Salesforce beats on revenue but disappoints of earnings, losing money for the quarter. Shares dropped after hours.
Pandora has 3.7% of all radio listening, but its share of radio advertising revenue is half that. This is the bull’s case for Pandora: that ad dollars are going to shift to platforms like Pandora.
PayPal launches a person-to-person payments app on Facebook. This is an interesting experiment; social payments are a tantalising market and Credits are a big revenue driver for Facebook.
Zynga Chief Business Officer Owen Van Natta steps down. He will have an advisory role, but this can’t be great news. Van Natta is one of the top executives in Silicon Valley (former COO of Facebook and CEO of MySpace); even if he didn’t want to stay at Zynga forever, it’s hard to see why he couldn’t be convinced to stay through a challenging IPO process.
PC hardware manufacturers are pulling out of the tablet market.Fresh off the release of the Kindle Fire, PC companies have conceded they can’t get the product right without strong content support or create the economies of scale necessary to compete on price. This essentially leaves Google-owned Motorola, Apple, Amazon, and perhaps Samsung to compete for the market.

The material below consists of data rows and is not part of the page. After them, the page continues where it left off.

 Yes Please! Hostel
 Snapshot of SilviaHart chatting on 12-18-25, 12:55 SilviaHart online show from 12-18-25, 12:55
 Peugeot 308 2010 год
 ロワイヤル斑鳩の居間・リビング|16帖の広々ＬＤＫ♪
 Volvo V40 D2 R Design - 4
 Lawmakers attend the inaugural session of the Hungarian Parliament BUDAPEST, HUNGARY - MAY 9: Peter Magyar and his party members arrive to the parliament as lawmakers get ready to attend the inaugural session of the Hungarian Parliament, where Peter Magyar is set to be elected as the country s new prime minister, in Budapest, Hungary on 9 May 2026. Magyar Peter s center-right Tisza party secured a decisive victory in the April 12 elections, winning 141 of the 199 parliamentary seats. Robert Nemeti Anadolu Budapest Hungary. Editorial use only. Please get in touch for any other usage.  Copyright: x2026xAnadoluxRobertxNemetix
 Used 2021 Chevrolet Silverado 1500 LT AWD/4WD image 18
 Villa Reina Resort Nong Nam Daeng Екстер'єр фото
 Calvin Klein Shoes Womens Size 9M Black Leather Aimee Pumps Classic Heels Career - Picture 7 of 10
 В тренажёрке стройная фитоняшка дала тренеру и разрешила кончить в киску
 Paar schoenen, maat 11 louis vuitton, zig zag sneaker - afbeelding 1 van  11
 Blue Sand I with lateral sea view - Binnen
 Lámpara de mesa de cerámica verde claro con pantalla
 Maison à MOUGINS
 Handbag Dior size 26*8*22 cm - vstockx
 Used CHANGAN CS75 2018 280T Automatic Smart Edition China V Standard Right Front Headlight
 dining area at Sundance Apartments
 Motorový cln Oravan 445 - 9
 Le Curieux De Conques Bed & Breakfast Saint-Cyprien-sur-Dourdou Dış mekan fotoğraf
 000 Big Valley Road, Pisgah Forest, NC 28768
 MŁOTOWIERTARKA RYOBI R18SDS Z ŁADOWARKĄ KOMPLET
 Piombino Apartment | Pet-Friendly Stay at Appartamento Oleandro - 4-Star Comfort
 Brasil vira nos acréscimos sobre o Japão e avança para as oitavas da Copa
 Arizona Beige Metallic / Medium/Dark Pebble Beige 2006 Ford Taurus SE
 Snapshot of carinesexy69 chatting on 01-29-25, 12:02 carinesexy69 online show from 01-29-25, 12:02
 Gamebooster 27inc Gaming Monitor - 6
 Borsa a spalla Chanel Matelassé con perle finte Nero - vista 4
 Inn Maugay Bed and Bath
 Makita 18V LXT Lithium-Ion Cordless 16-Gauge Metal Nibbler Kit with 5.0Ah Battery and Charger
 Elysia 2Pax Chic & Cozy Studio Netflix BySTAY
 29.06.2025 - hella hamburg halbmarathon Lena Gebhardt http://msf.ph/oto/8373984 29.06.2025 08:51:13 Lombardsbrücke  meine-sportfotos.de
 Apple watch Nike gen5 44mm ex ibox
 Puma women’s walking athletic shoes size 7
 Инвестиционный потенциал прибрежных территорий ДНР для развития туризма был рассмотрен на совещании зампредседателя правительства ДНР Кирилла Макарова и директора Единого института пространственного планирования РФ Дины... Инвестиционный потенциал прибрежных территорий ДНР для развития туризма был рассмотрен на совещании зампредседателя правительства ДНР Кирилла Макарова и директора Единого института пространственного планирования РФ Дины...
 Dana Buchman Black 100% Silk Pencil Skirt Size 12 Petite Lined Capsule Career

238 small record labels are planning to pull out of agreements with digital streaming services, including Spotify. The labels complain they don’t earn much on streaming royalties and that the services cut into their digital purchase revenues. While a few labels opting out is not a big threat to Spotify immediately, in the long-term they will need to find a way to keep independents happy or risk undermining their promise to provide consumers all music at their fingertips.
People in the U.S. download the most Android apps in the world, followed by South Korea and the U.K., according to a new survey from firm research2guidance. The report also says the number of apps offered in the Android market is growing quickly, but the share of those that are paid is falling.